Oil quotes rise 9-10% on Monday morning after explosions and fires at Saudi oil facilities, which led to a loss of about 6% of world crude production.
Today, the November Brent futures were trading on the London ICE Futures exchange at $ 66.29 per barrel, which is $ 6.07 (10.08%) higher than the closing session on Friday.
October futures for WTI rose by that time on the New York Mercantile Exchange (NYMEX) by $ 4.95 (9.01%), to $ 59.8 per barrel.
At the peak, the growth of quotations reached 11-13%, the price increase became the highest since February 2016.
On September 14, drones attacked the largest oil refinery in Saudi Arabia, Abkaik, and the Khurais oil field. There were explosions and fire. Oil production was suspended in the amount of 5.7 million barrels per day, that is, about half of the total volume produced in the country.

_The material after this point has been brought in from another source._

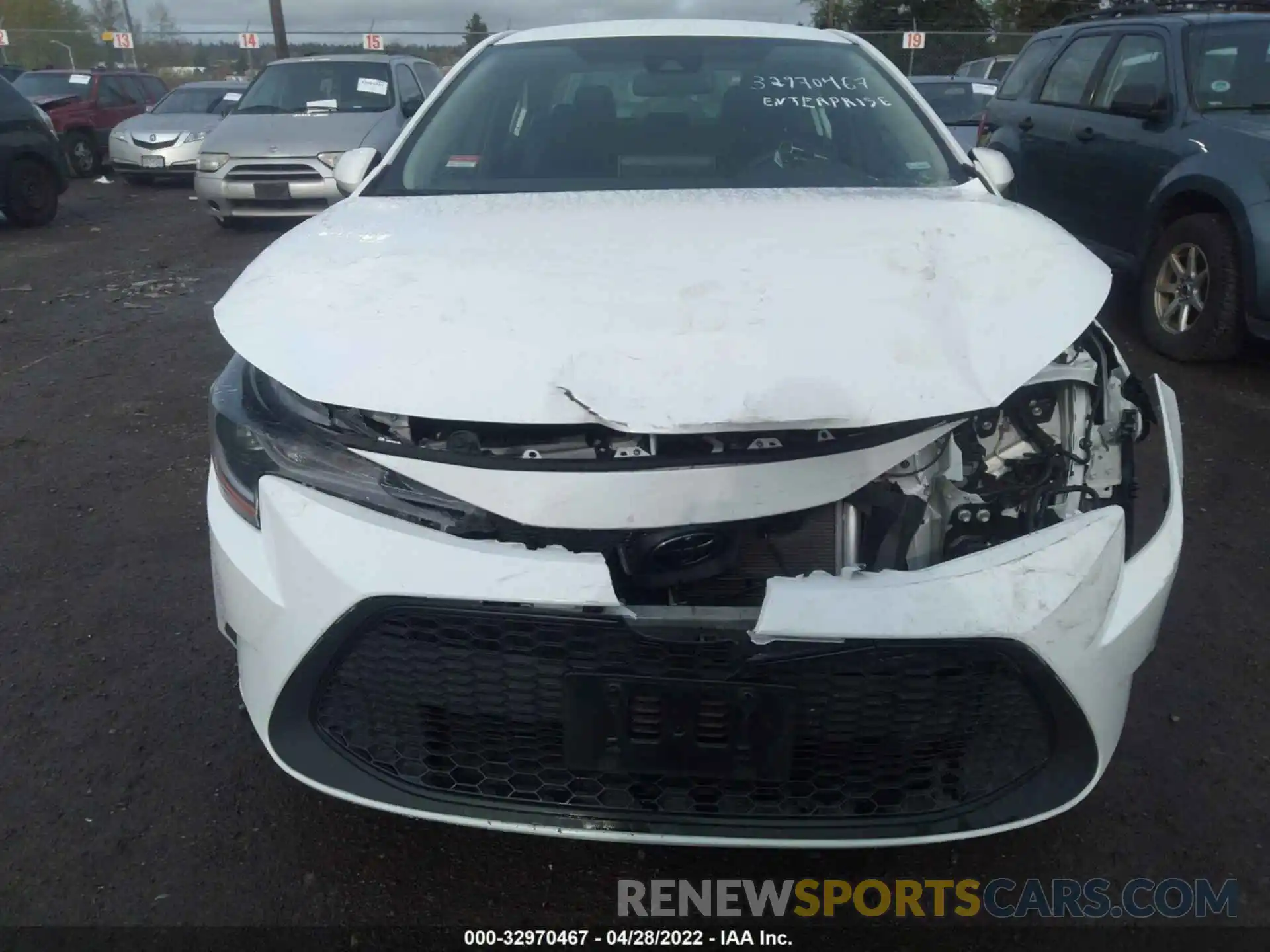 6 Photograph of a damaged car 5YFEPMAE1MP202831 TOYOTA COROLLA 2021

The Abkayk refinery normally produces about 9.8 million bpd and is considered one of the largest enterprises in the world. The suspension of the Abkayk refinery and Khurais field was confirmed by Energy Minister Prince Abdel Aziz bin Salman Al Saud. He assured that the fire at the facilities was “taken under control”.
“In my opinion, Saudi Arabia will be able to restore oil production in the amount of 3 million bpd in the next 2-5 days, but it will take more time to return another 2.7 million bpd, taking into account the peculiarities of the Abkayk refinery,” said the analyst on the energy sector of Mizuho Securities Robert Jager.
Saudi oil facilities have been attacked more than once in recent months, but drone attacks have inflicted severe damage to the country’s oil infrastructure. It also recalled that tensions in the Middle East persist, and could jeopardize the supply of oil from the region to the world market, writes MarketWatch.
By Monday evening, Saudi Arabia plans to recover about a third of its production, reduced due to the incident.
The Hussite Yemeni rebels claimed responsibility for the attack on Saudi targets, while US Secretary of State Mike Pompeo blamed Iran for this, noting that there was no evidence that the attacks came from Yemen.